The Thai government plans to sue a popular
video-sharing Internet site where someone posted a short clip earlier this year
deemed insulting to the country's much-revered monarch, an official said Friday.
The government blocked access to YouTube on April 4 after it turned down a
request to remove the contentious 44-second video, which shows provocative
graffitti-like elements painted over a slideshow of photographs of 79-year-old
King Bhumibol Adulyadej.
Sitthichai Phokai-udom, the minister of information and communications
technology, told The Associated Press that a suit would be lodged with a Thai
court next week on charges of lese majeste, or offense against the monarchy,
which is a crime in Thailand.
"Thailand is a fairly small country and not the economic or military
powerhouse, so we are at the mercy of the greedy businessman in America," he
He said the legal action was a cultural issue, not a political one, because
"the majority of the Thai people feel deeply insulted by this video clip."
One part of the clip juxtaposes pictures of feet over the king's image _ a
major taboo in a culture where feet are considered extremely dirty and
offensive. The soundtrack is the Thai national anthem.
Thai authorities take insults to the king extremely seriously. A Swiss man
was sentenced to 10 years in jail in March in the northern Thai city of Chiang
Mai after he defaced posters of the king during a drinking binge.
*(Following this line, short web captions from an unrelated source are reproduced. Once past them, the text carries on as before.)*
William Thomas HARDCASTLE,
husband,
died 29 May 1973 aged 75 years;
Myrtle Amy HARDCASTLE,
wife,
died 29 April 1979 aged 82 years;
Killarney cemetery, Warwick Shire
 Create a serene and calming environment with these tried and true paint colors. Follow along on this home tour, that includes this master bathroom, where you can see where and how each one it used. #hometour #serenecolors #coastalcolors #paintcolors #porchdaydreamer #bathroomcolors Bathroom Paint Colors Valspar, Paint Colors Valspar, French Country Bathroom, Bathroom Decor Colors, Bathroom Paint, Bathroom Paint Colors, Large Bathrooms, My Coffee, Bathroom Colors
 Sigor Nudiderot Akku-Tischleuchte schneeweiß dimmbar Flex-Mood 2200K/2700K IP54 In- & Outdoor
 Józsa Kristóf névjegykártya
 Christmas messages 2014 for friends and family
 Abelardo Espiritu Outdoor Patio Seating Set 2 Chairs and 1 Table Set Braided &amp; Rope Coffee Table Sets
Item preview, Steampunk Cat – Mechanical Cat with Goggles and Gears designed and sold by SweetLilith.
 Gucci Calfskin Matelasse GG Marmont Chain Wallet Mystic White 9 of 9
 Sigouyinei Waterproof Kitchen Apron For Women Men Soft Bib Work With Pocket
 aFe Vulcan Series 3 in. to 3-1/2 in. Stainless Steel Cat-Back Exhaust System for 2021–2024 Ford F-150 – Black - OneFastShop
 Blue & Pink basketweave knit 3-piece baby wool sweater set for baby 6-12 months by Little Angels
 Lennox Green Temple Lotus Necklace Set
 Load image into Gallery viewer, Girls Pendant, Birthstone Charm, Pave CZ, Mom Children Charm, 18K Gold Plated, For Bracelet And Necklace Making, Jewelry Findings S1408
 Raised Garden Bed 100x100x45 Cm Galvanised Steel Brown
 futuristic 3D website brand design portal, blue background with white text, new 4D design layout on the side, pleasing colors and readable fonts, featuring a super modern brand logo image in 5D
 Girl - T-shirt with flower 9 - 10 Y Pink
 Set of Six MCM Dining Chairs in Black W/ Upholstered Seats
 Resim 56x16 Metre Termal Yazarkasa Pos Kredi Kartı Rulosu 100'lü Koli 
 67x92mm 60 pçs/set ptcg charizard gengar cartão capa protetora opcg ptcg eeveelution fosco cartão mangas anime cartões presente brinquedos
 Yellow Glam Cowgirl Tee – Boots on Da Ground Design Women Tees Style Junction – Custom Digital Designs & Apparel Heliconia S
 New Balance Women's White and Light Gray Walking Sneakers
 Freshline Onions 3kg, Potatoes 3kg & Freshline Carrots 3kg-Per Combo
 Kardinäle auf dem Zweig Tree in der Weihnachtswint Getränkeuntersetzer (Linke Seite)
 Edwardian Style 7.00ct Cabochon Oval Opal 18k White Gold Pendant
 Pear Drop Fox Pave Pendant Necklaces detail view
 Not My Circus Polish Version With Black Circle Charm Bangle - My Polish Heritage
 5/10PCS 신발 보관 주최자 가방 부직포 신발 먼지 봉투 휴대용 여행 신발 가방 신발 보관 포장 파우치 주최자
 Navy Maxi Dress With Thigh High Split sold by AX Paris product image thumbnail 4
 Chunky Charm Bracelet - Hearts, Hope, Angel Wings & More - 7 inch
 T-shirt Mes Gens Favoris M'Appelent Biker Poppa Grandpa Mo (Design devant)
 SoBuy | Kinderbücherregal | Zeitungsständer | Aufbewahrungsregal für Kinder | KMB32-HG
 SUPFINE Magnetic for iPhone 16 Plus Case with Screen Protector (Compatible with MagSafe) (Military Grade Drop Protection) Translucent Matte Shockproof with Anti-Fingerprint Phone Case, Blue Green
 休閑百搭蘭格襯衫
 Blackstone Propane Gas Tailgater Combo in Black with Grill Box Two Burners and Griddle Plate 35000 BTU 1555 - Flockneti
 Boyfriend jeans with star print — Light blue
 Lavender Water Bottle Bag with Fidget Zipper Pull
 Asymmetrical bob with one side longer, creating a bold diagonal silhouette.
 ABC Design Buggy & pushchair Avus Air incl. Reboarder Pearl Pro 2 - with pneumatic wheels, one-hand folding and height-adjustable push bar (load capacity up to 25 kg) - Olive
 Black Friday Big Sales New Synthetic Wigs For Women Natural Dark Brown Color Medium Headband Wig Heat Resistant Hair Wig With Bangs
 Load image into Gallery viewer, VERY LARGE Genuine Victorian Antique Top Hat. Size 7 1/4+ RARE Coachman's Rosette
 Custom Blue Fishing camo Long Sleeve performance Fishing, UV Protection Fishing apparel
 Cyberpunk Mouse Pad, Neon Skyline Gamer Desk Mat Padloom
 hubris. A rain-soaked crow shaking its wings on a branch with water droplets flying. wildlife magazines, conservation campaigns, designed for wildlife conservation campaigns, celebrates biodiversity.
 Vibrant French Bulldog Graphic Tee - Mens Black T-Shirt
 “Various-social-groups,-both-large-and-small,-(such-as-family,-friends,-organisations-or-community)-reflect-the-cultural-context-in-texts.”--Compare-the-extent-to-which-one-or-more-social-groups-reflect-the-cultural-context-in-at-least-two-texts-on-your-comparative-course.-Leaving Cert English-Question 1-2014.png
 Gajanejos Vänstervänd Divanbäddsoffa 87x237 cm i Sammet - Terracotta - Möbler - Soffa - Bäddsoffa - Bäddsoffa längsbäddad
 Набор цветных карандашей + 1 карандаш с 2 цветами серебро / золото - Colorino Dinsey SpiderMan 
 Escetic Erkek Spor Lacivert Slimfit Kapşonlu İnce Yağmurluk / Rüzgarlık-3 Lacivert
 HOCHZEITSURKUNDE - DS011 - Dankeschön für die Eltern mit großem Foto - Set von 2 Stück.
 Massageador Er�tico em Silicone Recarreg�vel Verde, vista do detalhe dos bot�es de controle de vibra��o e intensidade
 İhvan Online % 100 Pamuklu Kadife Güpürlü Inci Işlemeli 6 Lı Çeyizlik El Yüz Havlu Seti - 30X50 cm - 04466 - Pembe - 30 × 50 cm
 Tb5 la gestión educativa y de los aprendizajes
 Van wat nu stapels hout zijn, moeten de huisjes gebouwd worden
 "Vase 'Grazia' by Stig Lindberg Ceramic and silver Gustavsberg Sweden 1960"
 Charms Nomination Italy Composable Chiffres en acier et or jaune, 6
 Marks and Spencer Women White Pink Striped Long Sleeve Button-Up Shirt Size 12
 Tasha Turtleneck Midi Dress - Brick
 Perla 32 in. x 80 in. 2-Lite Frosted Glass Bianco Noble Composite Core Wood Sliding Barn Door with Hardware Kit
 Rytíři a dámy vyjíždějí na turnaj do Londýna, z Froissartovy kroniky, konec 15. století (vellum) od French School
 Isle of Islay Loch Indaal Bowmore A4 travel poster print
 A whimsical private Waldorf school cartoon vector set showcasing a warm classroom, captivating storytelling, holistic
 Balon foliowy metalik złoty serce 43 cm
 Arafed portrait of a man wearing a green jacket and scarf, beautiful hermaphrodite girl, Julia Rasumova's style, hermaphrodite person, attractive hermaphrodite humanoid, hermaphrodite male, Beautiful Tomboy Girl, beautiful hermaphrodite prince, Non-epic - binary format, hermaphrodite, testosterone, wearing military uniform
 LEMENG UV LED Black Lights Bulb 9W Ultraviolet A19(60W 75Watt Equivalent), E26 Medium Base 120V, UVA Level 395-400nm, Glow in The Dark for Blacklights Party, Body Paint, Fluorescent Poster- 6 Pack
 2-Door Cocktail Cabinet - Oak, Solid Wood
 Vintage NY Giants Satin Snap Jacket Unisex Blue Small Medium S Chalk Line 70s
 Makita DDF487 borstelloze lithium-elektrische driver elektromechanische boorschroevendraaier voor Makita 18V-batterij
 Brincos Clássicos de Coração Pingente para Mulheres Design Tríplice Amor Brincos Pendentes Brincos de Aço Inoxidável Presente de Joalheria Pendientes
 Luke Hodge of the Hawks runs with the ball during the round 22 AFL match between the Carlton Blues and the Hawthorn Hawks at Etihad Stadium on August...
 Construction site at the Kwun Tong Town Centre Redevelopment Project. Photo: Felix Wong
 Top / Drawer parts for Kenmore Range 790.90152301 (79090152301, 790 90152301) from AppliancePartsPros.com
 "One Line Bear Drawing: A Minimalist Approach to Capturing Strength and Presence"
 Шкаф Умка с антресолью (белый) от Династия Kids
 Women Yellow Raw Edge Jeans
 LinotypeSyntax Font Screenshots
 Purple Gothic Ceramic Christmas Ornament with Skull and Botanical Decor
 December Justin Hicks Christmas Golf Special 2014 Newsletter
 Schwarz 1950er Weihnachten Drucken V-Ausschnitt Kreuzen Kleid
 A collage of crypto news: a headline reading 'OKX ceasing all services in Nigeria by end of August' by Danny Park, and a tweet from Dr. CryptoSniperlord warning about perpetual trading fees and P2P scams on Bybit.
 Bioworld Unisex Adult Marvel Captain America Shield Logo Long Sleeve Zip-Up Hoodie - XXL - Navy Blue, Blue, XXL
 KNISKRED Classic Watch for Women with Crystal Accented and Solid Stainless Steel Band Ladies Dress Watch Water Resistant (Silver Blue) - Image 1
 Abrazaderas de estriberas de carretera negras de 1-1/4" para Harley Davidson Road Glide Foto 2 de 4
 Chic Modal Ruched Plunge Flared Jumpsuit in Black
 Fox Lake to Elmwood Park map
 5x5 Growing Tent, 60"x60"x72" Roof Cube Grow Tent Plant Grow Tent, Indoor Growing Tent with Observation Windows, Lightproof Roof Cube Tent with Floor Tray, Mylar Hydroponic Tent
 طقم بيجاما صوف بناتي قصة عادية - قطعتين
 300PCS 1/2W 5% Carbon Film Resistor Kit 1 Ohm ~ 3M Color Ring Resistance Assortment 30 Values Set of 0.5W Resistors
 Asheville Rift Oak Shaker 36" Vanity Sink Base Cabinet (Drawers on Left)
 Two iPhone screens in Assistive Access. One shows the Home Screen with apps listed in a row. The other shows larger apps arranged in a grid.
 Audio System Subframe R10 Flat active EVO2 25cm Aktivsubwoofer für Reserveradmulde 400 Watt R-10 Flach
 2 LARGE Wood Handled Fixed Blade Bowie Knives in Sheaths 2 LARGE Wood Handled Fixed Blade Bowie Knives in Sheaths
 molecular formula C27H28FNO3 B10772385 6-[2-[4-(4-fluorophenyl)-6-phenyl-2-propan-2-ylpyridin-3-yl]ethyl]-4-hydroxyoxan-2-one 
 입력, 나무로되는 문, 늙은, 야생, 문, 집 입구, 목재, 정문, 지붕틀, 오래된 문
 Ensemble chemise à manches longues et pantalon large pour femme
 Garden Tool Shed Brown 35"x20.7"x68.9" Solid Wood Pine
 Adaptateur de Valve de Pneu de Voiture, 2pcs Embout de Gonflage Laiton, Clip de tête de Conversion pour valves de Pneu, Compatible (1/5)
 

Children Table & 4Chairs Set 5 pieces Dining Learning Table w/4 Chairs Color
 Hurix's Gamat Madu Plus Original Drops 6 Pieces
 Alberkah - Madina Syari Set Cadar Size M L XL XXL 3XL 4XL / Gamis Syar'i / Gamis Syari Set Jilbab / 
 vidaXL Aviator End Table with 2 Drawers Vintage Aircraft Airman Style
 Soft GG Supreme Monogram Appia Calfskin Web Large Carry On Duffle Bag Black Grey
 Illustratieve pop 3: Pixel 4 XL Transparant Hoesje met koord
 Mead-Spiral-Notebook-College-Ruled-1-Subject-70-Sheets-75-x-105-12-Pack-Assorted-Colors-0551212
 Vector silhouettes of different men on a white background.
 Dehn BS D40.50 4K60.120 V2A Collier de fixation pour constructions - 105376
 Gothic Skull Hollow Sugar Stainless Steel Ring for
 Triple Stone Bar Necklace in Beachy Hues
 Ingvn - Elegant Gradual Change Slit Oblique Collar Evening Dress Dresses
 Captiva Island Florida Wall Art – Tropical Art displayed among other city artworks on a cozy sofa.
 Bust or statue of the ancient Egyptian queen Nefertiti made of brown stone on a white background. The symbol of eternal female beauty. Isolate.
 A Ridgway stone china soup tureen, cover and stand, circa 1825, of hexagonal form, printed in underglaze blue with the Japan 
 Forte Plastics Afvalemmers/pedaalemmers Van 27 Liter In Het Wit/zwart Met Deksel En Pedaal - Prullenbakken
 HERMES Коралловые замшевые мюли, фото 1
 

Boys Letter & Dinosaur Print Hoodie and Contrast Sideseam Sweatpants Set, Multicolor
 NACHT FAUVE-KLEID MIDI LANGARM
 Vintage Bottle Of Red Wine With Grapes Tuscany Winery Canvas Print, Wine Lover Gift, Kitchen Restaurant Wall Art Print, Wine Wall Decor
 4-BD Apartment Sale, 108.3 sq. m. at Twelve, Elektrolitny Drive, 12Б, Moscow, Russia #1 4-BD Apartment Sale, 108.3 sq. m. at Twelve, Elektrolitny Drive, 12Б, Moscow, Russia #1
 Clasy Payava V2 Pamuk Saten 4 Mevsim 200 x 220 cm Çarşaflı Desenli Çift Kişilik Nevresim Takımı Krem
He was later
pardoned and deported.
Critics have accused the current government of blocking Web sites criticizing
the September coup that overthrew then-Prime Minister Thaksin Shinawatra.
Sitthichai earlier said he had ordered fewer than 10 sites blocked since
taking office late last year, either because the site was insulting to the
monarchy, was pornographic, or called for public political protests, which are
illegal under martial law proclaimed after last year's coup.